Overall, our total production for the three months ended March 31, 2017 decreased by 20% on an Mcfe basis compared to the same period in 2016. On an Mcfe basis, crude oil, natural gas and NGLs accounted for 17%, 68% and 15%,

34



respectively, of our production during the three months ended March 31, 2017 compared to 19%, 66% and 15%, respectively, of our production during the same period in 2016.
 
Hedging and Price Risk Management Activities

During the three months ended March 31, 2017, we recognized a $0.01 million net gain on commodity derivative contracts attributable to cash receipts on matured commodity derivative contracts. Our hedging program historically helped mitigate the volatility in our operating cash flow. Depending on the type of derivative contract used, hedging generally achieves this by the counterparty paying us when commodity prices are below the hedged price and we pay the counterparty when commodity prices are above the hedged price. In either case, the impact on our operating cash flow is approximately the same. However, because our hedges are currently not designated as cash flow hedges, there can be a significant amount of volatility in our earnings when we record the change in the fair value of all of our derivative contracts. As commodity prices fluctuate, the fair value of those contracts will fluctuate and the impact is reflected in our consolidated statement of operations in the net gains or losses on commodity derivative contracts line item. However, these fair value changes that are reflected in the consolidated statement of operations reflect the value of the derivative contracts to be settled in the future and do not take into consideration the value of the underlying commodity. If the fair value of the derivative contract goes down, it means that the value of the commodity being hedged has gone up, and the net impact to our cash flow when the contract settles and the commodity is sold in the market will be approximately the same. Conversely, if the fair value of the derivative contract goes up, it means the value of the commodity being hedged has gone down and again the net impact to our operating cash flow when the contract settles and the commodity is sold in the market will be approximately the same for the quantities hedged. As of March 31, 2017, we have no commodity derivative contracts in place.

Costs and Expenses
 
Lease operating expenses include expenses such as labor, field office, vehicle, supervision, maintenance, tools and supplies and other customary charges. Lease operating expenses decreased by $3.8 million to $38.5 million for the three months ended March 31, 2017 as compared to the three months ended March 31, 2016, mainly due to a $1.0 million decrease in lease operating expenses related to the divestiture of oil and natural gas properties in the SCOOP/STACK area in Oklahoma completed during 2016 and an additional decrease of $2.8 million in maintenance and repair expenses on existing wells and lower lease operating expenses as a result of cost reduction initiatives including price negotiations with field vendors.

Production and other taxes include severance, ad valorem and other taxes. Severance taxes are a function of volumes and revenues generated from production. Ad valorem taxes vary by state or county and are based on the value of our reserves. Production and other taxes increased by $1.4 million for the three months ended March 31, 2017 as compared to the same period in 2016 primarily due to higher wellhead revenues as a result of the increase in our average realized pricing.

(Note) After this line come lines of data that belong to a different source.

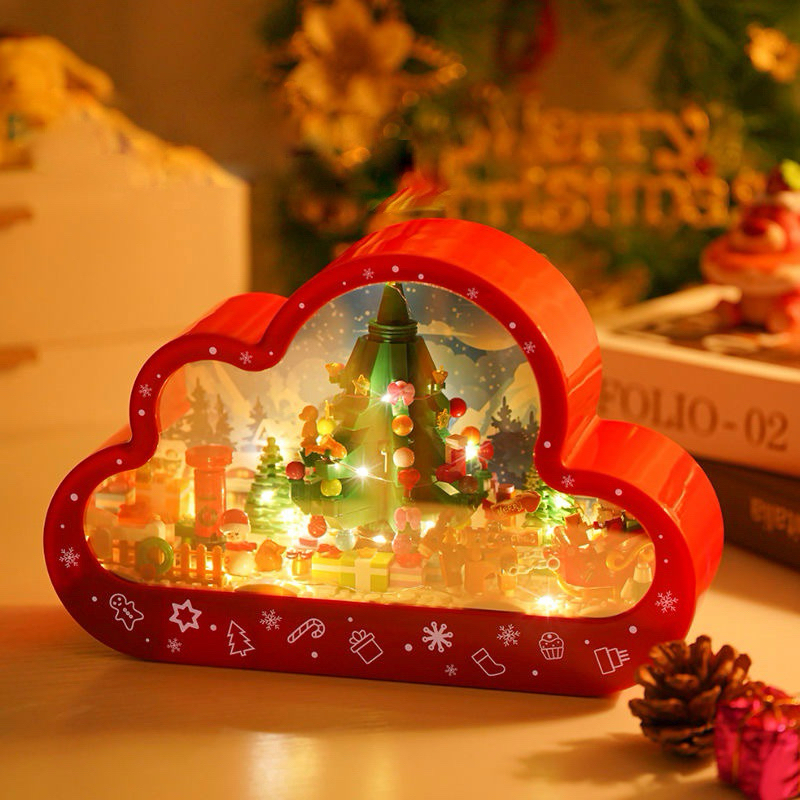 Đèn gương 2 chiều noel lego mô hình lắp cây thông giáng sinh handmade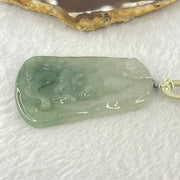 Type A Semi Icy Blueish Green Jadeite Guan Yin With Elephant and Flower Samantha Bodhisattva Pendant 31.38g 58.4 by 38.8 by 7.2mm - Huangs Jadeite and Jewelry Pte Ltd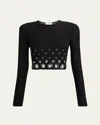 Rabanne Embellished Solid Jersey Second Skin Top In Black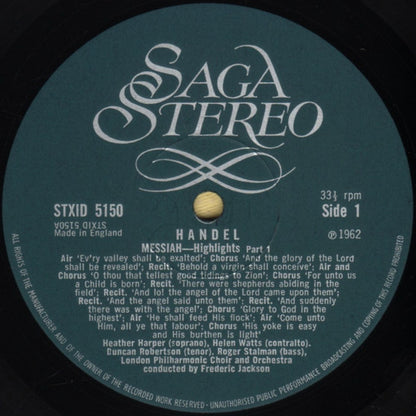 Georg Friedrich Händel - The London Philharmonic Choir And The London Philharmonic Orchestra Conducted By Frederick Jackson : Messiah (Excerpts) (LP, Album)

Depreciation, depletion, amortization, and accretion decreased by approximately $22.3 million to $25.7 million for the three months ended March 31, 2017 from approximately $48.1 million for the three months ended March 31, 2016, primarily due to a lower depletion base as a result of the non-cash ceiling impairment charges recorded during 2016.

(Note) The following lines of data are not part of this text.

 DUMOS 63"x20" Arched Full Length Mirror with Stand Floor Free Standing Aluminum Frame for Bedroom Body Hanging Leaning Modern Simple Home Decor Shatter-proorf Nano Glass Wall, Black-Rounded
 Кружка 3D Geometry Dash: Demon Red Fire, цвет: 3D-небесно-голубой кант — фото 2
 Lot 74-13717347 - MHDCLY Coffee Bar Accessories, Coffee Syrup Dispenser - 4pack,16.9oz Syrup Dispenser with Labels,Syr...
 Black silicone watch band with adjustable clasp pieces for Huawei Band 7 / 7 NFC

Selling, general and administrative expenses include the costs of our employees, related benefits, office leases, professional fees and other costs not directly associated with field operations. These expenses decreased $1.0 million to $7.7 million for the three months ended March 31, 2017 as compared to the three months ended March 31, 2016 primarily due to a decrease in office expenses during the first quarter of 2017 as a result of contract rejections in connection with the Chapter 11 Cases. The decrease in selling, general and administrative expenses was offset by an increase of $0.2 million in non-cash compensation expense for the three months ended March 31, 2017 as compared to the same period in 2016, primarily due to phantom unit awards granted to our executives and board members in January 2017.

Other Income and Expense

Interest expense decreased to $16.4 million for the three months ended March 31, 2017 from $25.7 million for the three months ended March 31, 2016 primarily due to lower average outstanding debt under our Reserve-Based Credit Facility during the three months ended March 31, 2017 compared to the same period in 2016. In addition, we discontinued recording interest on debt classified as liabilities subject to compromise as of the Petition Date.


35



Reorganization Items

We have incurred and will continue to incur significant costs associated with the reorganization in connection with the Chapter 11 Cases. These costs are being expensed as incurred, and are expected to significantly affect our results of operations. Reorganization items includes expenses, gains and losses that are the result of the reorganization and restructuring of the business. Professional fees included in reorganization items, represent professional fees for post-petition expenses. Deferred financing costs and unamortized discounts are related to the Senior Notes, and are included in reorganization items as we believe these debt instruments will be impacted by the Chapter 11 Cases. Reorganization items totaled $26.7 million for the three months ended March 31, 2017. See Note 2 to the consolidated financial statements for further details.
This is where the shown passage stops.